When you are the adult child of an aging parent who lives alone, safety is always a concern. Family caregivers are often surprised at how much greater risk their senior loved one has of being hurt or fatally injured in a fire.
Because of health conditions, slower reflexes and other aging-related issues, seniors have double the risk younger adults do. Once they reach the age of 85, that risk climbs to nearly five times higher. Seniors account for 35% of all deaths in the U.S. caused by fire.
As National Fire Prevention Week kicks off, we have pulled together a few tips to help Connecticut caregivers know how to evaluate their senior loved one’s home for fire safety.

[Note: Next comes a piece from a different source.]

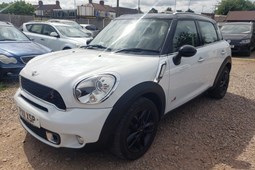 MINI Cooper S (06-16) 2.0 D Cooper S Countryman ALL4 5d For Sale - Aventus Motors LTD, Thurmaston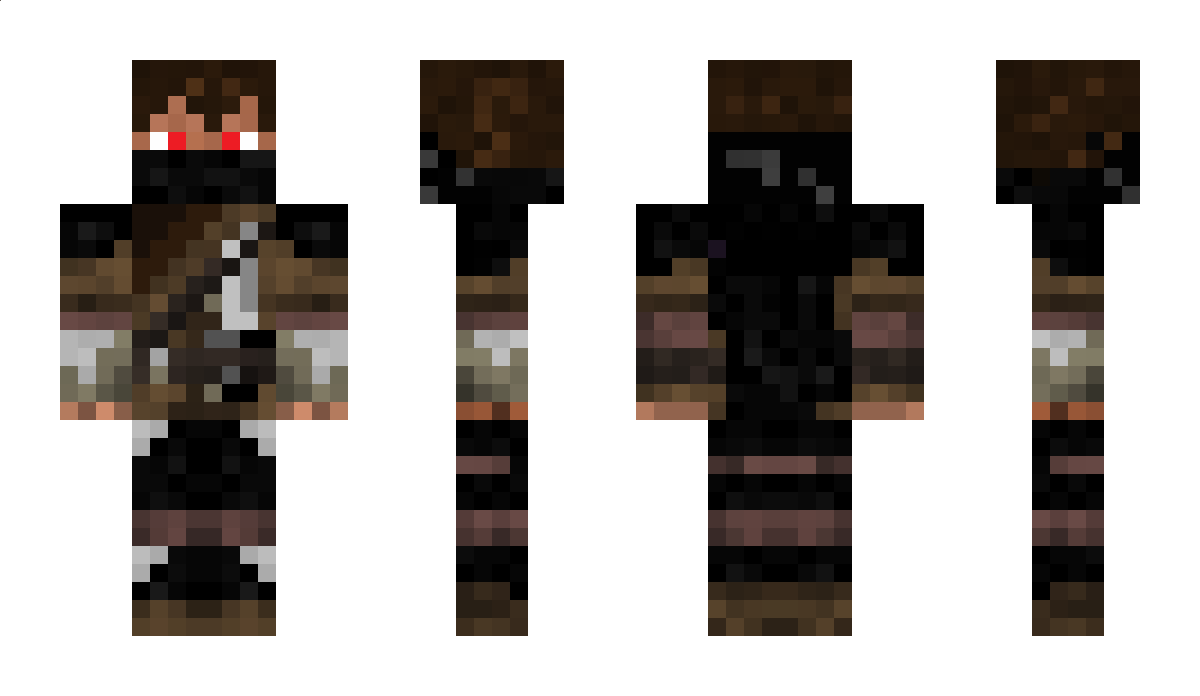 gurucir Minecraft Skin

6 Fire Safety Tips for Connecticut Seniors
- Conduct a fire safety evaluation. The Federal Emergency Management Administration has put together a fire safety checklist you probably find to be of help.

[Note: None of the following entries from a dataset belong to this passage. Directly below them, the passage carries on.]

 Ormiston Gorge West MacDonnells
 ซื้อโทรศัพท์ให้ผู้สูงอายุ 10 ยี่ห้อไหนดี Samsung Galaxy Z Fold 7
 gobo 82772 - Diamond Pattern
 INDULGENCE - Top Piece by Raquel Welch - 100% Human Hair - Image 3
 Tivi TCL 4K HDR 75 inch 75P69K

- Space heater safety. For seniors who are trying to control utility expenses, space heaters often seem like a good solution. While fires caused by space heaters aren’t common, they often lead to fatalities when they do occur. 79% of home heating related deaths are caused by a space heater. These space heater safety tips from the National Fire Prevention Association can help keep your senior loved one safe.

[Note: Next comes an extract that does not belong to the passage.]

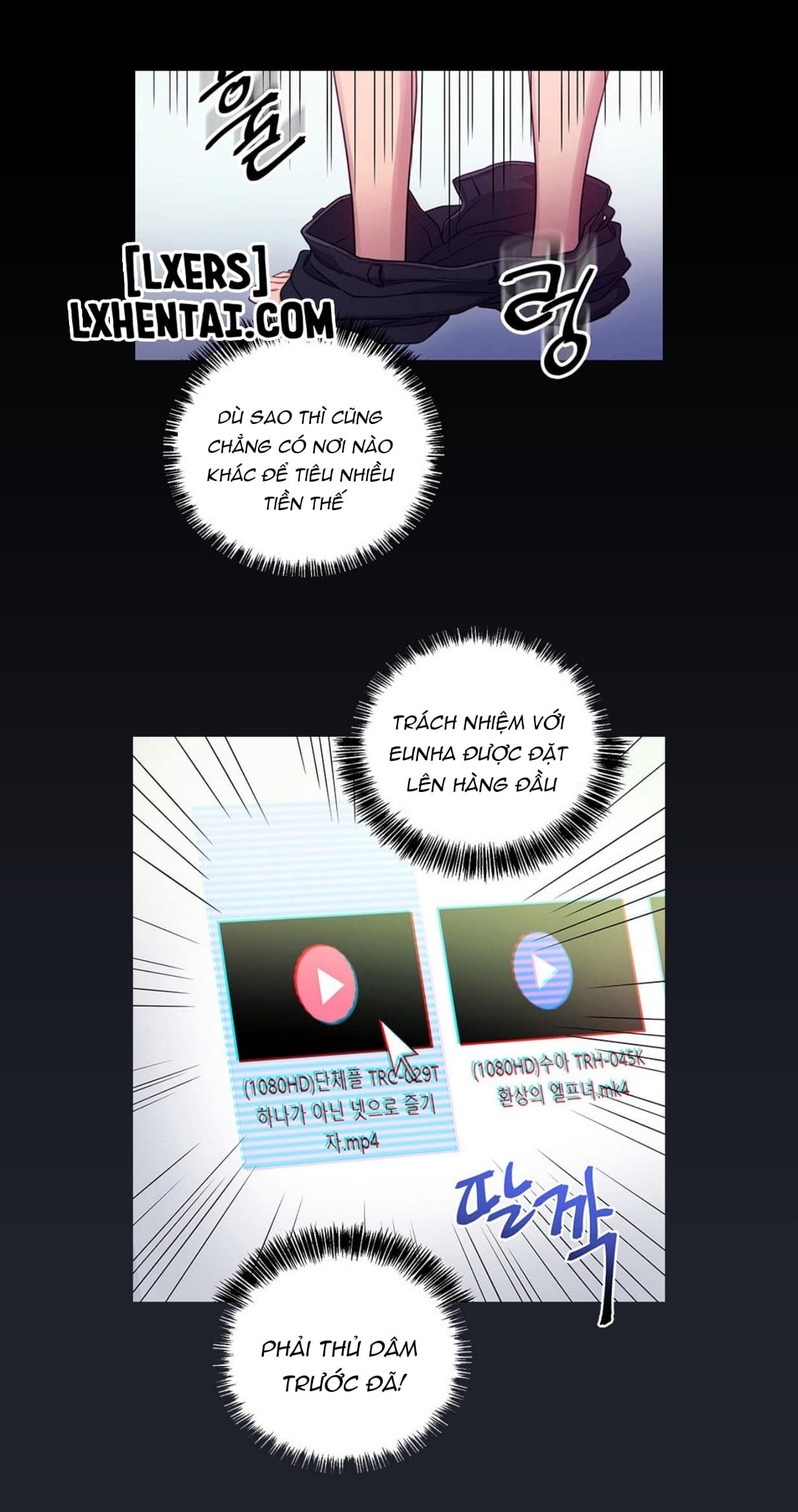 Mẹ Kế Và Những Người Bạn Chương 7 page 39 - Giả Dược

- Fire safe kitchens. Cooking related problems are the leading cause of all home fires. Remind your aging loved one to stay in the kitchen when they have a pot cooking on the stove. You can also use an automatic turn-off device like Cook Stop. Older adults should avoid wearing clothing with loose-fitting sleeves that can easily ignite when they are cooking. Keeping a small fire extinguisher in an easily accessed corner of the kitchen is also advised.
- Smoke detectors for hearing impaired. A surprising number of older adults do not have a working smoke detector in their home. Fire prevention experts recommend at least one smoke detector on every floor of the home. If a loved one lives with a hearing impairment, products like the Silent Call Smoke Detector and the Silent Call Bed Shaker can accommodate their hearing loss. They can send a vibration alert and shake the bed to alert the senior to a fire.
- Have an escape plan. Seniors often live with health conditions and aging-related challenges that often make it more difficult to react quickly in an emergency. Developing an escape plan for them to exit the home in case a fire breaks out is important. Be sure to review and practice it with them a few times a year.
- Furnace Inspection. As we head in to the coldest months of the year, our final safety tip is to make sure your senior loved one’s furnace is inspected by a professional. It can help prevent both fire and carbon monoxide emergencies.